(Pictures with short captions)
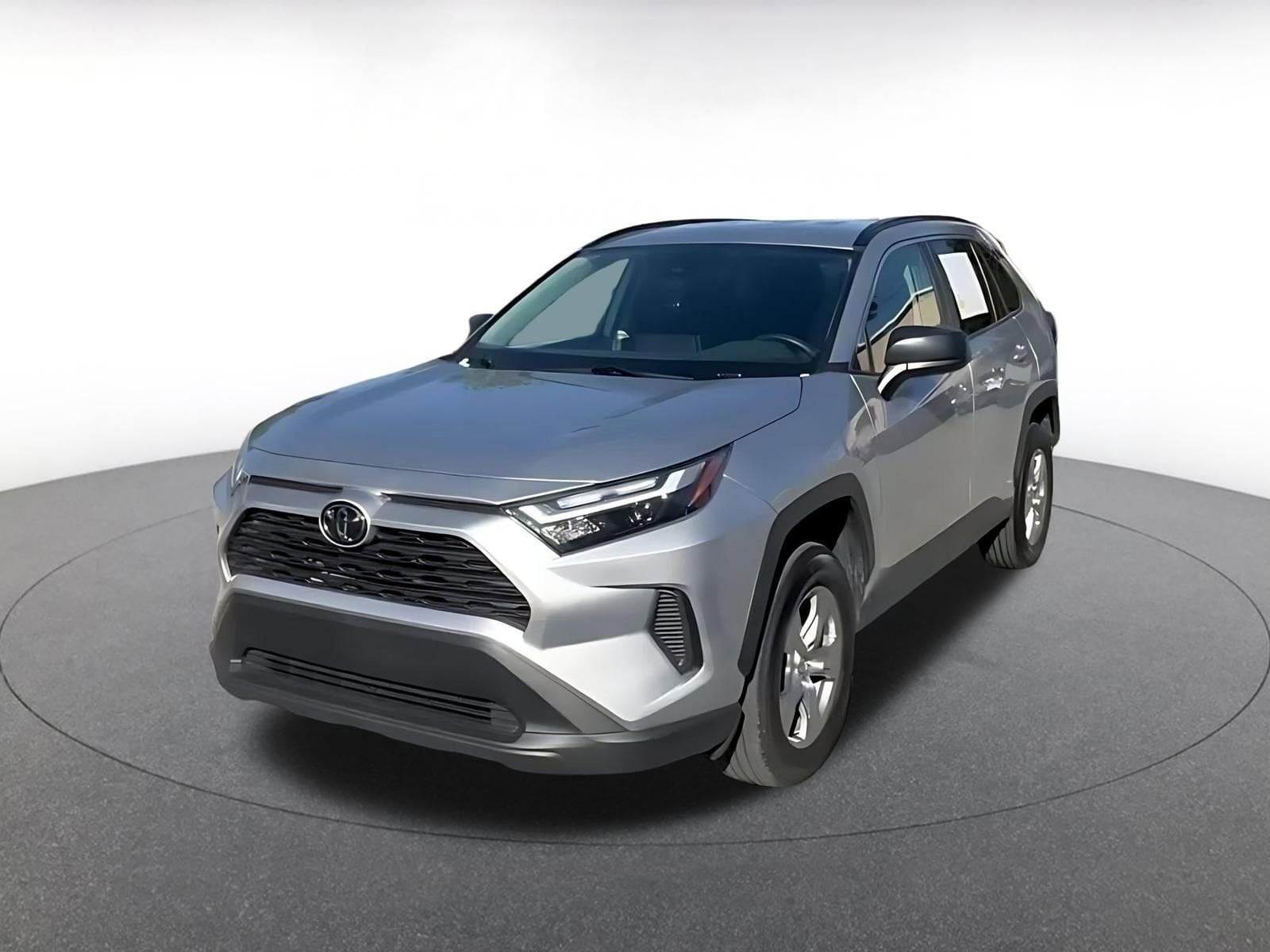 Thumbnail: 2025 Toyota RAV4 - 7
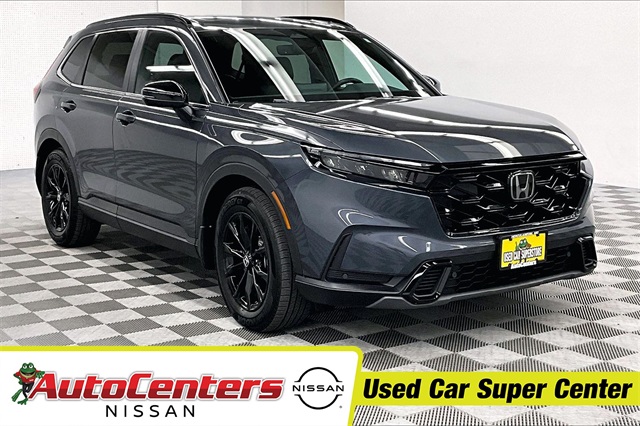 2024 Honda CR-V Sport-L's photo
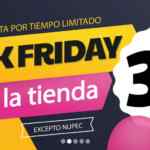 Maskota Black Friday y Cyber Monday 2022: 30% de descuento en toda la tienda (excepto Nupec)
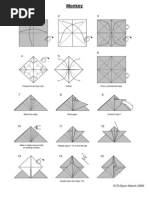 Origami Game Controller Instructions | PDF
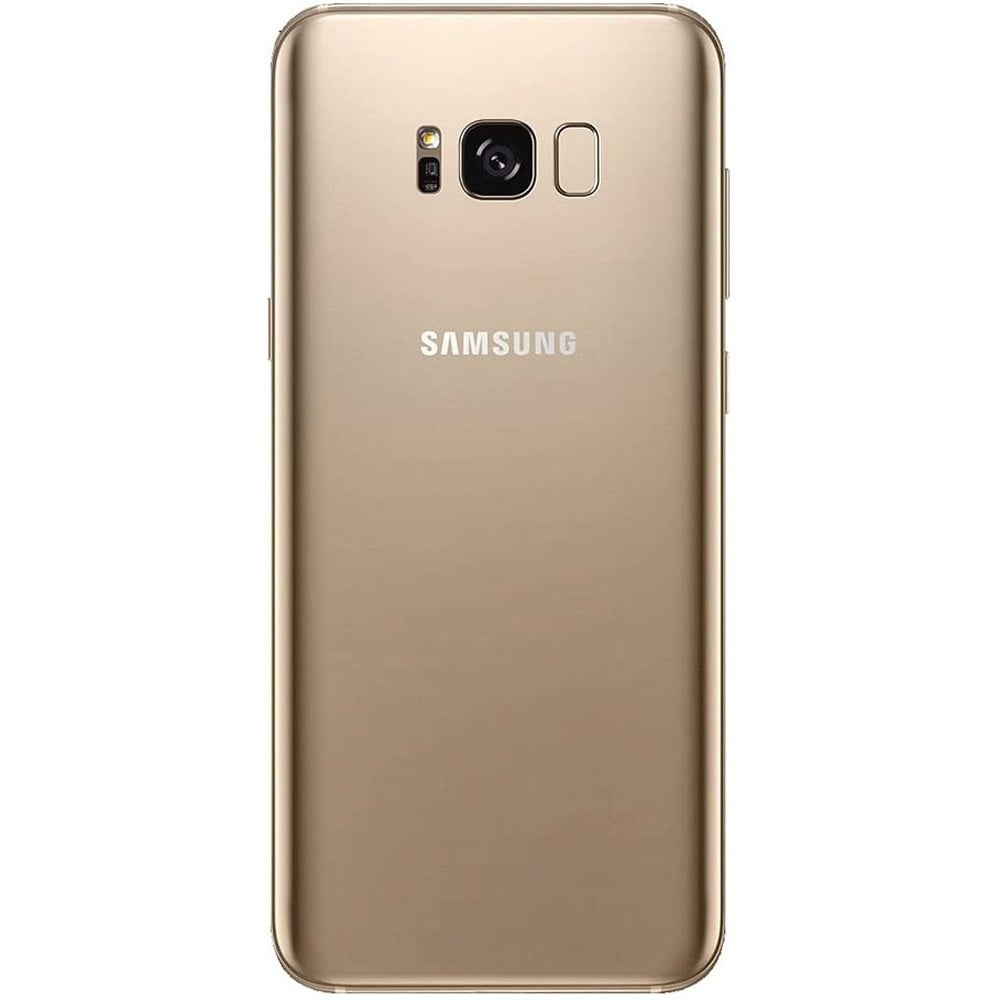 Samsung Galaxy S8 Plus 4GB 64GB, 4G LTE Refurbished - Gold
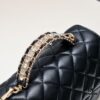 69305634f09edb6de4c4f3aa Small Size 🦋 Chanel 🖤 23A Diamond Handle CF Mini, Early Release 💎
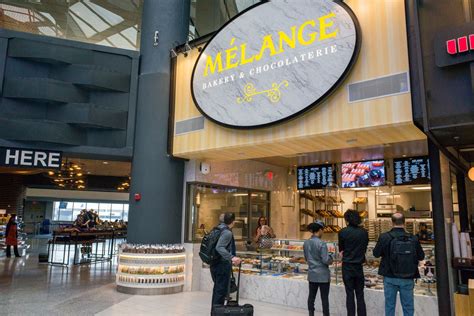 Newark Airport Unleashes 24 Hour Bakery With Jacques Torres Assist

--

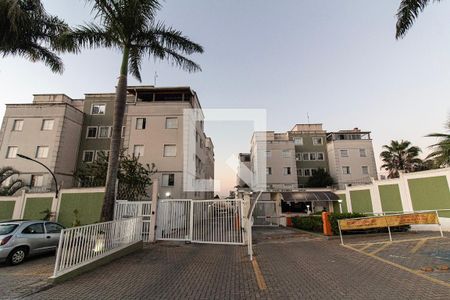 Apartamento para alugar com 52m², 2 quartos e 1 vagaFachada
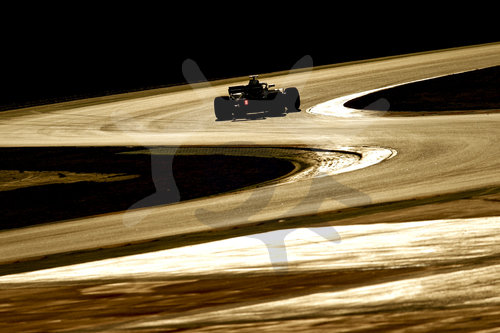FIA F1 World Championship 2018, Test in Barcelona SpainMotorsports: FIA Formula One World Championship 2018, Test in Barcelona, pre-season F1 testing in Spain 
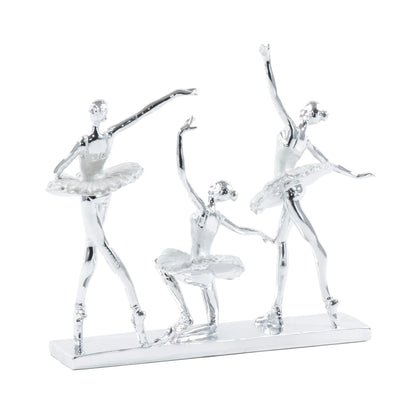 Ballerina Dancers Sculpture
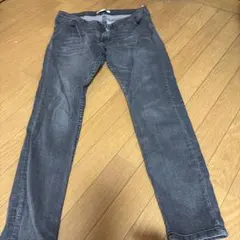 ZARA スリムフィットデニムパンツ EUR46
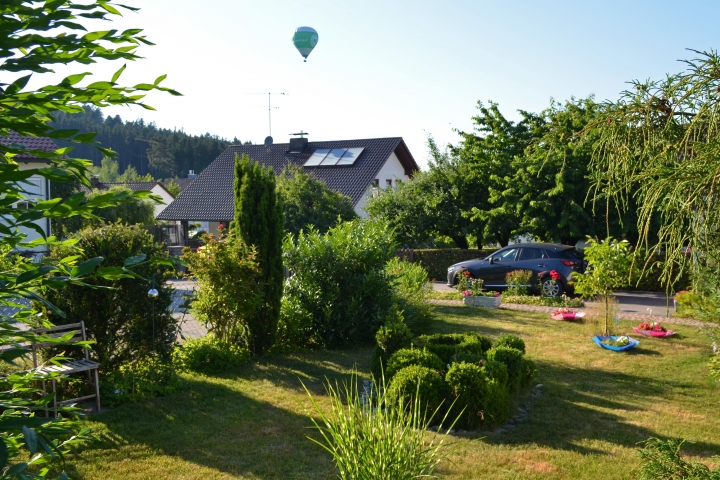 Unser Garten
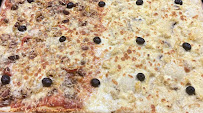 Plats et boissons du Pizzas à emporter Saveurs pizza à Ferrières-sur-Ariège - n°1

--

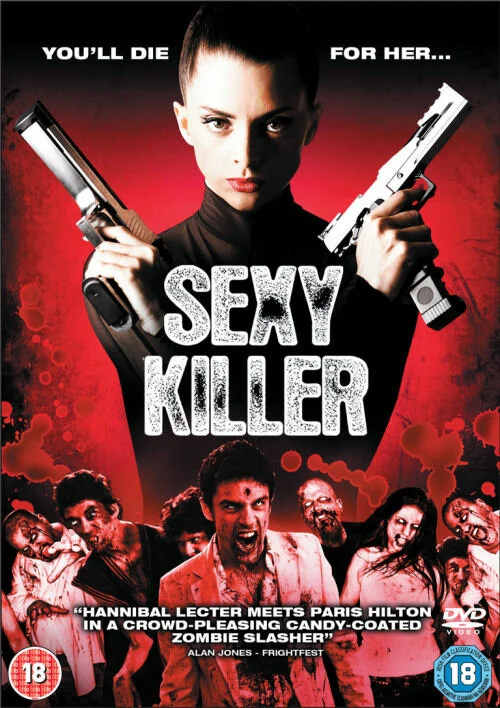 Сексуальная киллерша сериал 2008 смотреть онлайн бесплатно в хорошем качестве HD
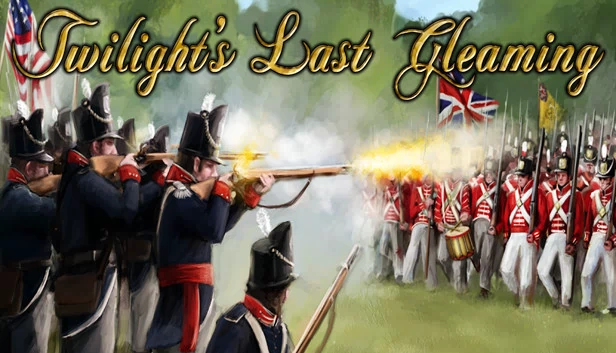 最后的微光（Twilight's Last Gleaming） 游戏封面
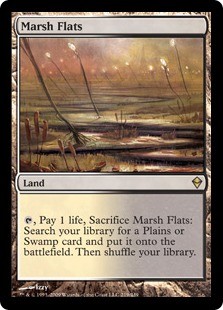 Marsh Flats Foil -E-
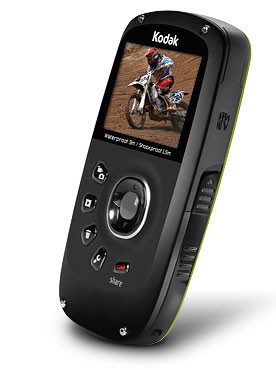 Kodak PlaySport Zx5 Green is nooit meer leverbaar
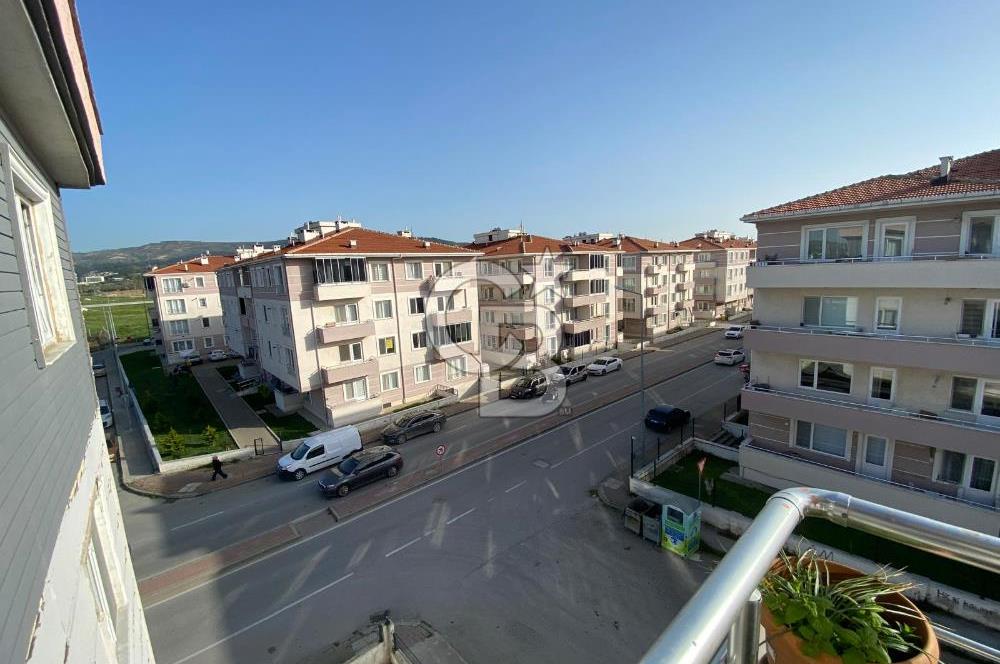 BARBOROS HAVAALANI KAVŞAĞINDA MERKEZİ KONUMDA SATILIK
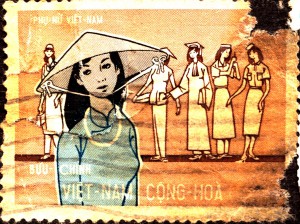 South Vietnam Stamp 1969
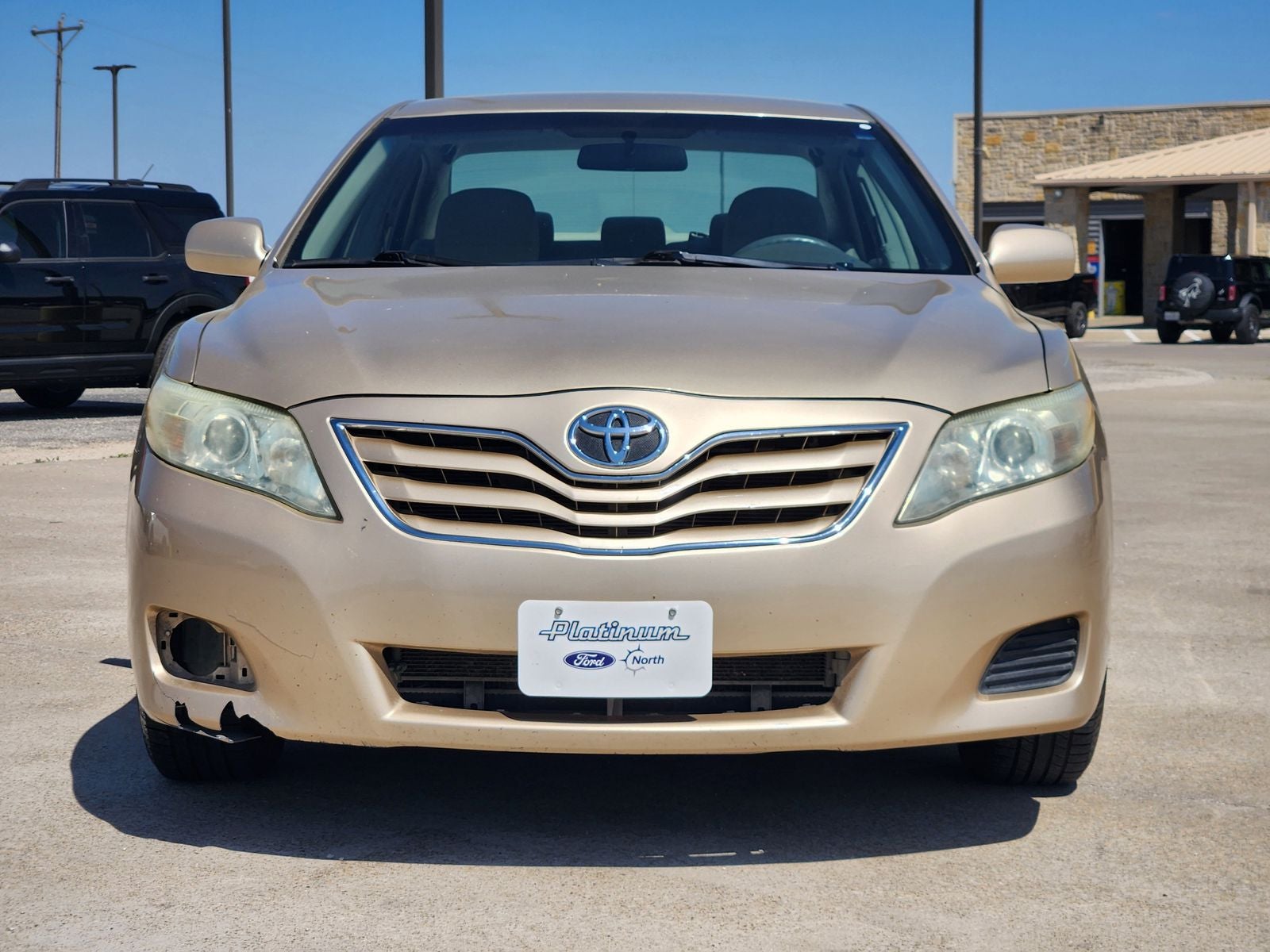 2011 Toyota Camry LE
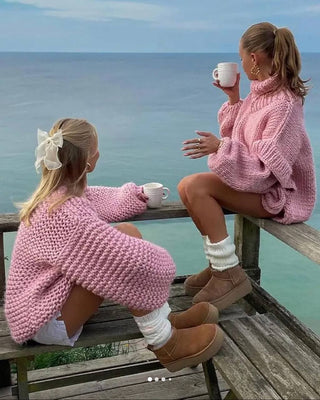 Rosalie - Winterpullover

◆ **Task brief**: Now transcribe the lines above exactly, starting at the line containing "South Vietnam Stamp 1969" and ending at the line containing "Rosalie - Winterpullover", both lines included, pictures excluded.

◆ **Response to this task**:
 South Vietnam Stamp 1969
 2011 Toyota Camry LE
 Rosalie - Winterpullover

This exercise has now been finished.